Task objective:
Return all of the material that follows, keeping each line exactly as it is.

Extracted entries:
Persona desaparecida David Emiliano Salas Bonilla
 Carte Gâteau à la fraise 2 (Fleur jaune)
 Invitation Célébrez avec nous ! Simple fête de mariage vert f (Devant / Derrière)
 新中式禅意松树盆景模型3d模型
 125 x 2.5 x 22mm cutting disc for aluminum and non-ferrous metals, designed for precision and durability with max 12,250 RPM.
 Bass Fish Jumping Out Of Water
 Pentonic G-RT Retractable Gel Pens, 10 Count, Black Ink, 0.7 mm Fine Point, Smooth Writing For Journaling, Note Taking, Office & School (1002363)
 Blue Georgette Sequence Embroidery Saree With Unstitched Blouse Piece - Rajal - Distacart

Result for this exercise:
Persona desaparecida David Emiliano Salas Bonilla
 Carte Gâteau à la fraise 2 (Fleur jaune)
 Invitation Célébrez avec nous ! Simple fête de mariage vert f (Devant / Derrière)
 新中式禅意松树盆景模型3d模型
 125 x 2.5 x 22mm cutting disc for aluminum and non-ferrous metals, designed for precision and durability with max 12,250 RPM.
 Bass Fish Jumping Out Of Water
 Pentonic G-RT Retractable Gel Pens, 10 Count, Black Ink, 0.7 mm Fine Point, Smooth Writing For Journaling, Note Taking, Office & School (1002363)
 Blue Georgette Sequence Embroidery Saree With Unstitched Blouse Piece - Rajal - Distacart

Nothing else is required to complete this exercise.